Living history, p.27
Living History,
p.27
The article, written by David Brock, was filled with the most vile stories I had ever heard, worse than the salacious garbage in supermarket tabloids. Brock’s main sources were four Arkansas troopers from Bill’s former bodyguard detail. They claimed―among other things―that they had procured women for Bill when he was Governor. Years later, Brock would recant, writing a stunning confession of his political motives and directives at the time.
“Look, it’s just a lot of sleaze, but it’s going to be out there,” said David. “You’ve got to be prepared.”
My first thoughts were for Chelsea and for my mother and Virginia, who had already been through too much.
“What can we do about it?” I asked David. “Is there anything anyone can do?”
His advice was to stay calm and say nothing. Comments from us would only help publicize the article. The troopers were doing a reasonable job of discrediting themselves, shamelessly boasting that they expected to cash in on their stories. Two of the four agreed to be identified, and they were shopping around for a book deal. Even more telling, they were being represented by Cliff Jackson, another of Bill’s most vehement political enemies in Arkansas. Most of Brock’s tales were too vague to be checked on, but certain specifics were easily refuted. The article claimed, for example, that I had ordered the gate logs to the Governor’s Mansion destroyed to cover up Bill’s supposed liaisons; the mansion, however, never kept such logs. Unfortunately, the fact that Brock’s sources were state troopers who had worked for Bill gave their stories a veneer of credibility.
I don’t think the full effect of the article hit me until the next evening, at a Christmas party for our friends and family at the White House. Lisa Caputo told me that two of the troopers were touting their stories on CNN that night and that the Los Angeles Times was about to publish its own version of the troopers’ allegations. It was too much. I wondered if what Bill was trying to do for the country was worth the pain and humiliation our families and friends were about to suffer. I must have looked as devastated as I felt, because Bob Barnett came over to ask if he could help. I told him we had to decide how to respond by the next day. I suggested we go upstairs with Bill for a few minutes to talk it over. Bill paced in the center hall. Bob knelt in front of me as I sank into a small chair against the wall. With his oversize glasses and mild features, Bob looks like everybody’s favorite uncle. Now he was talking in a soothing voice, clearly trying to see whether after all that had happened this year, we had the strength for yet another struggle.
I looked at him and said, “I am just so tired of all of this.”

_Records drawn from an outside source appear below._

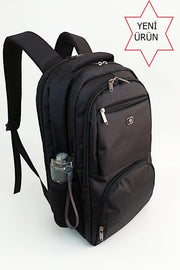 Wasserdichter Unisex-Rucksack, orthopädischer Rucksack für die tägliche Schule und Reisen mit Laptopfach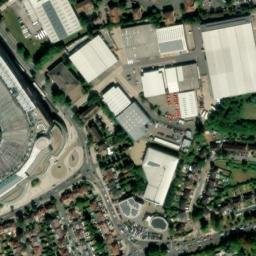 Satellite imagery of Isleworth and Twickenham Parish Border, GB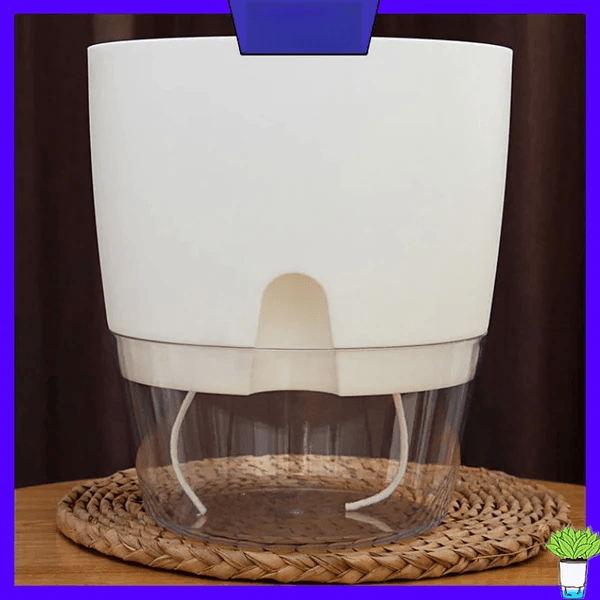 Double Layer Plastic Watering Planter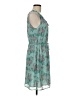Hinge 100% Polyester Paisley Teal Casual Dress Size M - photo 4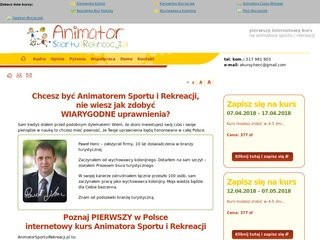 Miniaturka animatorsportuirekreacji.pl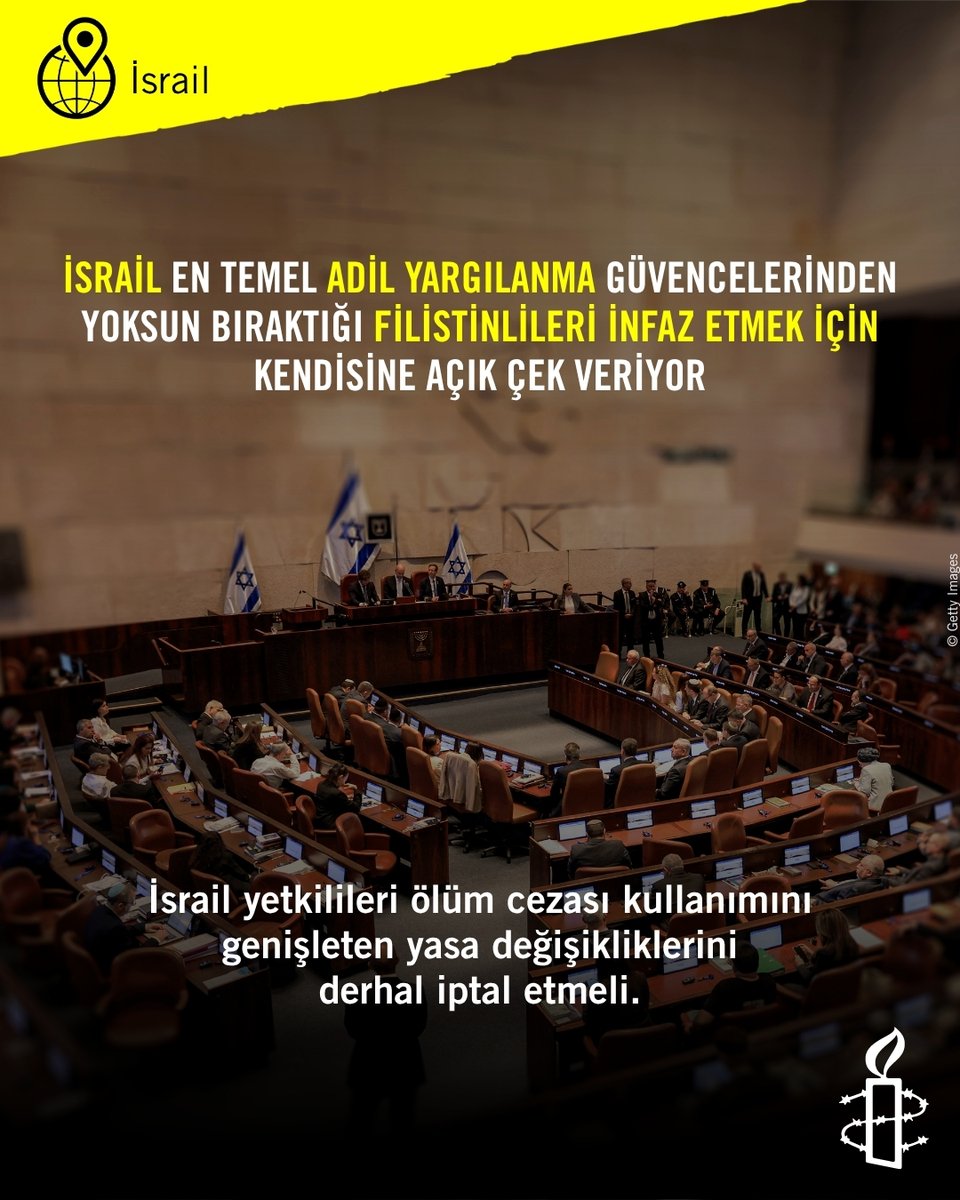 Önceki taslaklarda yapılan birkaç değişikliğe rağmen bu yasa uyarınca verilen tüm ölüm cezaları yaşam hakkının ihlali olacak ve İşgal Altındaki Filistin Toprağı’ndan Filistinliler hakkında verildiğinde aynı zamanda savaş suçu da teşkil edebilecek.

Uluslararası toplum, İsrail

He shook his head. “The President was elected, and you’ve got to stay with this for the country, for your family. However bad this seems, you’ve got to stick it out,” he said.

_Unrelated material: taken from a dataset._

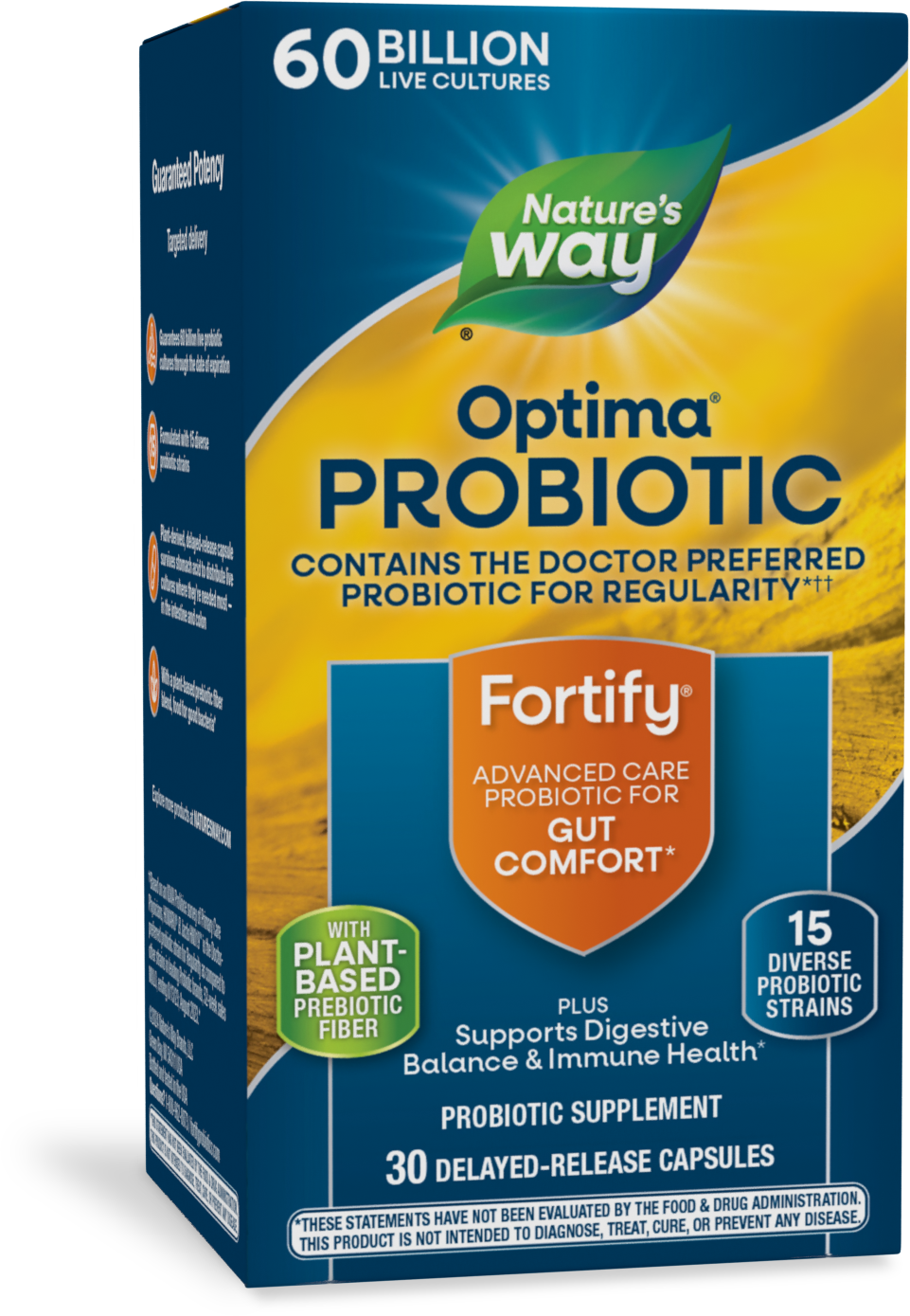 <{%PRIMARY_15783%}>Nature's Way® | Fortify Optima Advanced Care 60 Billion Probiotic, 30 capsules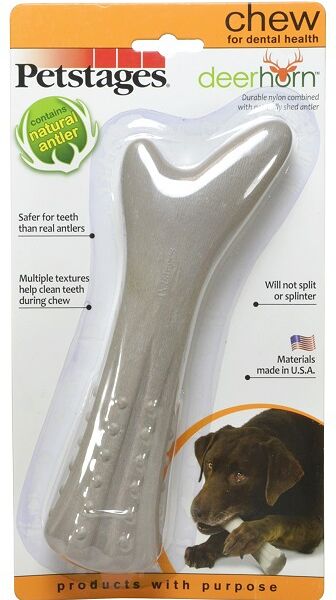 Petstages Deerhorn игрушка с оленьими рогами (большая) для собак 20 см.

He wasn’t telling me anything I didn’t know, and it wasn’t the first time I had been advised that my actions and words could either strengthen or undermine Bill’s Presidency.

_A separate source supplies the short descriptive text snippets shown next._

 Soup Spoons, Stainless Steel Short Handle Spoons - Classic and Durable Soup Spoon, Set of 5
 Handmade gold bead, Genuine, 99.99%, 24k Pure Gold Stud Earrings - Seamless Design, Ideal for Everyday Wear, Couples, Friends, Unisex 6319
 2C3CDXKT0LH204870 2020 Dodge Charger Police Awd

I wanted to say, “Bill’s been elected, not me!” Intellectually, I understood Bob was right and that I would have to summon whatever energy I had left. I was willing to try.
But I just felt so tired. And at the moment, very much alone.
I realized that attacks on our reputations could jeopardize the work Bill was doing to set the country on a different track. Ever since the campaign, I had seen how ferociously the Republicans wanted to hold on to the White House. Bill’s political adversaries understood how high the stakes were, which made me want to fight back. I went back downstairs to rejoin the party.
I had scheduled several media interviews that I couldn’t cancel. On December 21, I met for a year-end wrap-up with Helen Thomas, the dean of the White House press corps and a legendary journalist, and other wire service reporters. Naturally, they asked me about the Spectator article, and I decided to give them an answer. I didn’t believe it was a coincidence that these attacks should surface just when Bill’s standing in the polls was at the highest level since his inauguration, and I told them so. I also believed the stories were planted for partisan political and ideological reasons.
“I think my husband has proven that he’s a man who really cares about this country deeply and respects the Presidency… . And when it’s all said and done, that’s how most fair-minded Americans will judge my husband. And all the rest of this stuff will end up in the garbage can where it deserves to be.”
It was not exactly the calm, quiet response David had recommended.
Although the initial damage had been done, the media finally started examining the troopers’ motives. It turned out that two were angry because they felt that Bill had been ungrateful to them. They had also been subjects of an investigation into an alleged insurance fraud scheme involving a state vehicle in which they were riding, which had been wrecked in 1990. Another trooper who reportedly claimed that Bill had offered him a federal job for his silence later signed an affidavit swearing it never happened. But nearly a decade would pass before we learned the full, chilling story behind what became known as “Troopergate.”
David Brock, the author of the Spectator article, was seized by an attack of conscience in 1998 and publicly apologized to Bill and me for the lies he had spread about us. He was so consumed with building his rightwing credentials that he allowed himself to be used politically even when he had doubts about his sources. His memoir, Blinded by the Right, published in 2002, chronicles his years as a self-described “rightwing hit man.”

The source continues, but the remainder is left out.